Keyboard: Microsoft Comfort Curve 2000 on PC, Magic Keyboard (2. Generation)
on Mac

I really like the MS Wheel Mouse Optical, unfortunately it is no longer
produced. I tried different mice, but I think I like it that much, because it
has lower DPI (400 DPI) than an average mouse (about 1000 DPI). Nowadays it is
difficult to get a mouse with 400 DPI.

------
benjaminmikiten
HHKB2 with a CRT LaserTRAC trackball.

Got another Ergodox after hankering to try it again after selling my first
after a couple months, waiting until I have a little less work to transition
over to it as my WPM drops to about 10 while I'm learning.

------
amarraja
I use a Logitech Wave at the office.
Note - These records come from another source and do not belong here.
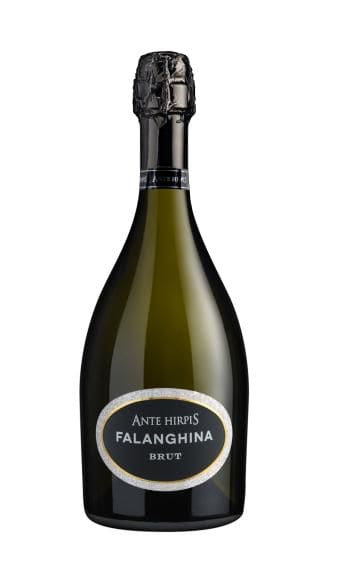 Ante Hirpis Falanghina Brut, Spumante Brut, Tenimenti Civa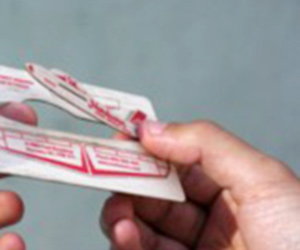 Norburn Model Aircraft Supply's Creative Business Card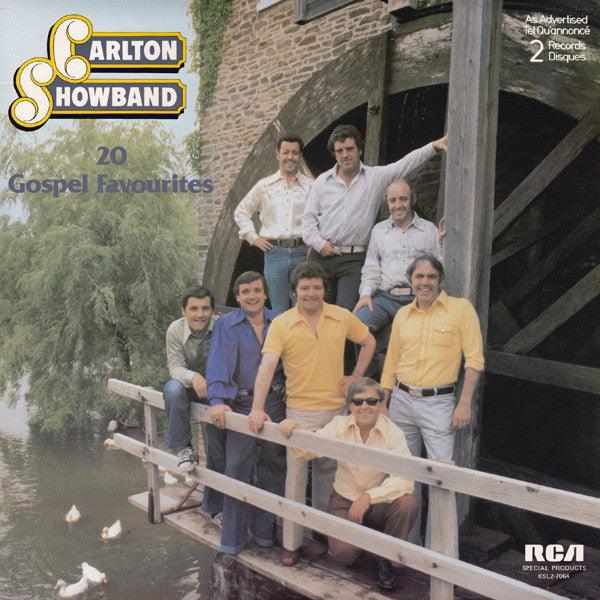 The Carlton Showband - 20 Gospel Favourites - 1977 - Quarantunes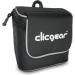 Clicgear Accessory Bag, Black/White, 6" x 3.5" Single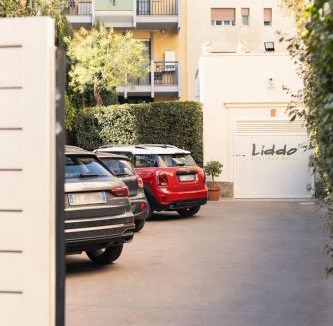 Santa Maria Bed & Breakfast | Liddo Boutique hotel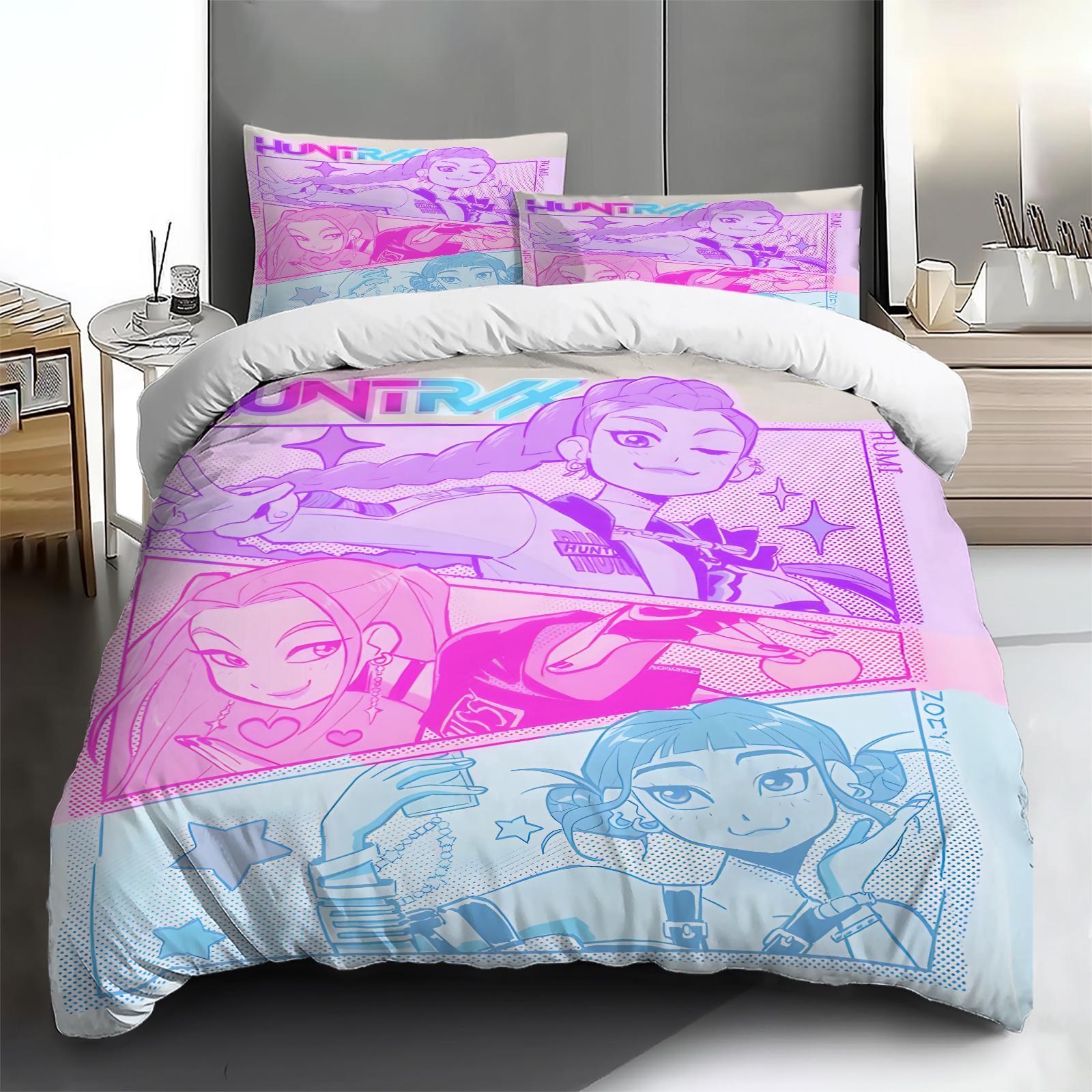 

Пододеяльник с принтом рождественских украшений. Супермягкая матовая микрофибра для двуспальной кровати. Удобный комплект с застежкой-молнией и 2 наволочками. One Size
It's not a fully ergonomic keyboard, but
has a slight, well, wave. It's comfortable to use all day, but isn't too
drastically different to affect my typing style on a laptop keyboard when I
get home.

------
remlov
Keyboard: MasterKeys Pro S Mechanical Keyboard Tenkeyless

Mouse: LOGITECH TrackMan Wheel Optical USB/PS2

I have at least 3 TrackMan Wheel's, one I always bring to use at the current
place of work.

------
zinxq
Keyboard - Kinesis: [https://www.kinesis-
ergo.com/shop/advantage2-graphite/](https://www.kinesis-
ergo.com/shop/advantage2-graphite/)

Mouse: Xmonad

------
arduin0mancer
MX Master Wireless + Original Apple Wireless kb (non-shallow keys)

I know I should probably check out mechanical keyboards, but I'm just too damn
used to the MacBook keys.

------
rerx
ThinkPad Compact USB Keyboard with TrackPoint

And a mouse at its side that I am less picky about.

------
kzisme
MX Master Wireless + Das Keyboard Pro (Work) Razer Death Adder + HHKB Pro 2
(Home)

------
RUG3Y
Das Keyboard + Logitech G602.

I also have a cheap Monoprice mech kb that is actually pretty nice.

------
valine
keyboard: dasKeyboard Ultimate Model S

mouse: Razer DeathAdder Left-hand edition

------
madamelic
Poker 2 at home. Pok3r at work. (Cherry Browns)

Logitech M560 at home and work

------
eb0la
Im in love with my Logitech m550 Bluetooth keyboard.

------
saluki
magic keyboard | magic mouse 2 (recently moved back to mouse from trackpad)